If hypothetically the factory made, net, $1 off of Gadget X and the wholesaler made $2 off of Gadget X, 15% of this $3.00 is another 45 cents. But from their gross profit they each had to pay the shipping company. The shippers between the factory and the wholesaler and the wholesaler and the retailer each made 75 cents, let’s say, for a net profit of $1.50. Again another 15% adds another 22 cents to the actual tax burden Family Z is covering. We are currently at a tax cost of $1.92 for Gadget X.
We thought we were only paying 5% tax on the gadget but in reality we are closing in on 20%.
But of course, the shippers each netted 75 cents for the product but that only comes after paying for their fuel, which is also taxed at the state and federal level. Let’s say each paid 20 cents in taxes on the fuel used to get the product from one location to the other. Buried into the profit and expenses for the final $10 retail price is the compensation for this extra 40 cents in expenses, too.

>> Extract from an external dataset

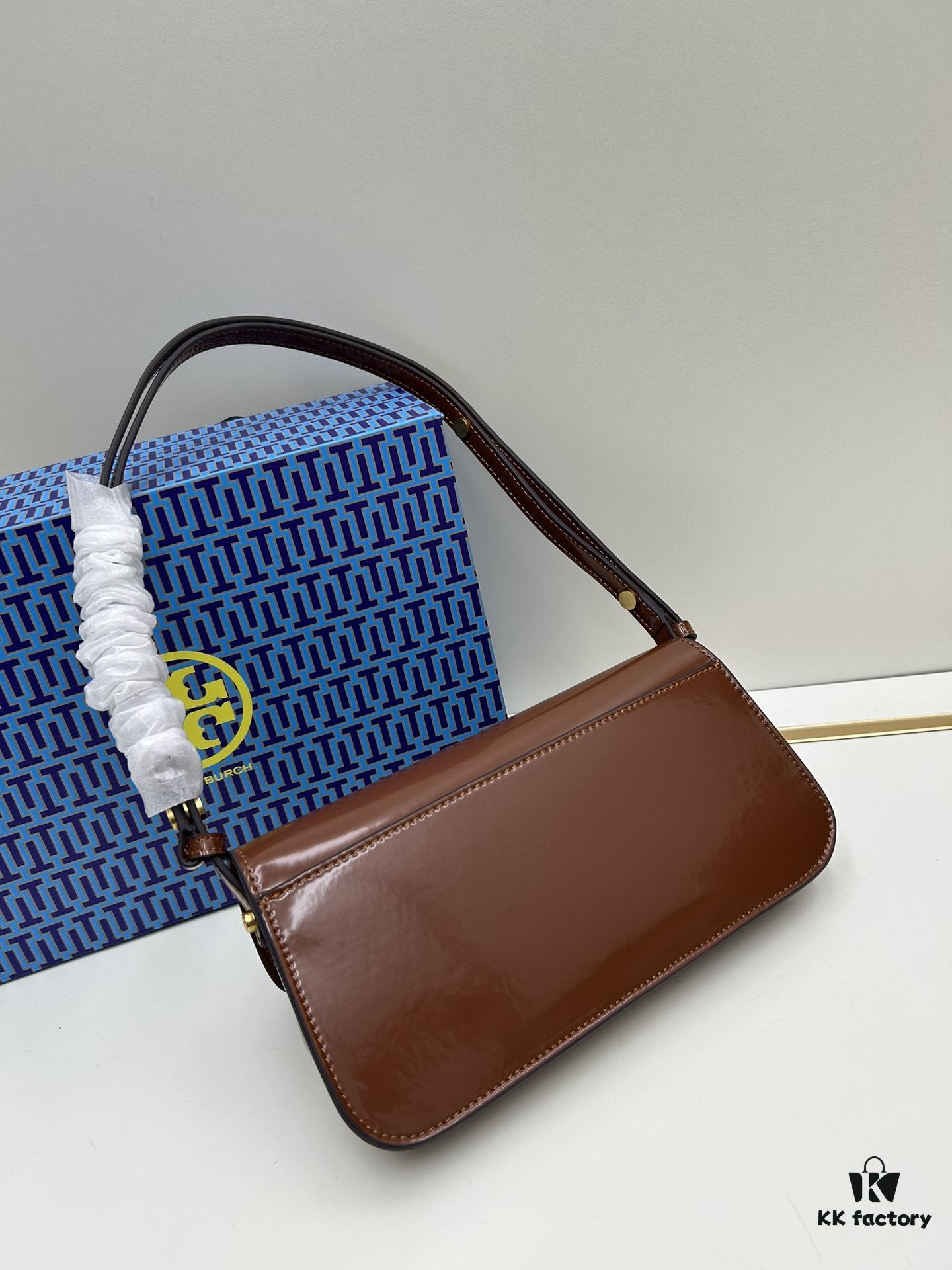 Tory Burch Robinson Rectangular Shoulder Bag, Full Leather Series, New Arrival with Attention to Detail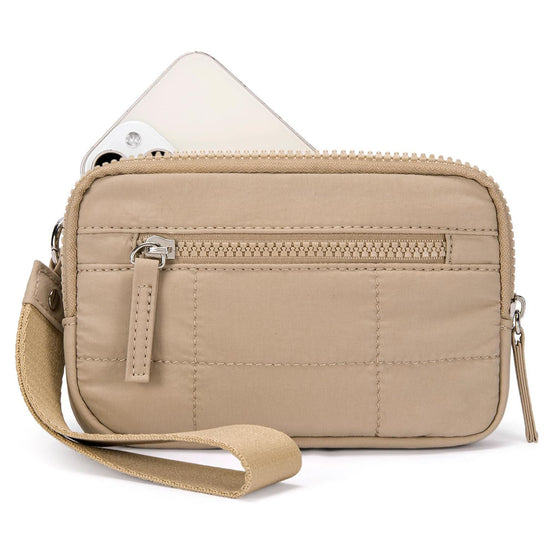 Khaki RFID Blocking Nylon Wristlet Clutch Wallet - Compact Waterproof Pouch with Card Slots & ID Window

We have reached about $2.32 in our conservative analysis. The tax burden on this family for Gadget X will probably come in at 40 or 50 percent after we take into account the tax burden at all the levels involved here. The factory has supplies shipped to it and must pay those who in turn pay taxes, and so on and so forth. Could it be that $5 (or more!) of the price of Gadget X actually goes to pay taxes somewhere down the line? Yep.
But it is argued that all these taxes are necessary to help Family Z. Perhaps Family Z wouldn’t need the help if 50% of its costs were trimmed back. But even so, a justification that ostensibly was meant to help poor people actually comes back to hurt them the most, for $10 for Gadget X out of a poor person’s budget is much more on a percentage basis then it is out of a rich person’s budget. The attempt to help the poor ends up sticking it to them the worst.
We can go on and on and on. You buy a house, the seller is taxed. He takes these taxes into account. You buy a car, the seller is taxed. He takes these taxes into account. Who then is paying for the tax? The seller? Nope, the buyer. The end user, if you will.
Meanwhile, all these corporations up and down the line are hiring and firing and compensating based on what they can afford and what they can afford is as impacted by their tax burden as it is for us, the final consumer.
The truth is that it is a very small thing to say that if our hypothetical family wanted a parent to stay home with the kids they could easily do so if so much wasn’t being automatically withdrawn from their paycheck. In reality, if we looked at how much governmental interference was costing the family at every level of its existence… fuel taxes, cell phone taxes, property taxes, sales taxes, etc, etc, etc, we may find that the actual tax burden is beyond stifling.
I said at the beginning that there is a proper place for government and there certainly is a proper time and mechanism for taxation. However, it is important that we understand the actual impact and consequences of government and taxation and alert ourselves to the very real possibility that tyranny, actual outright tyranny, can be foisted upon a society- indeed, is already upon us- with that society’s ‘consent’ and without even their knowledge.
But now you know. Now what are you going to do?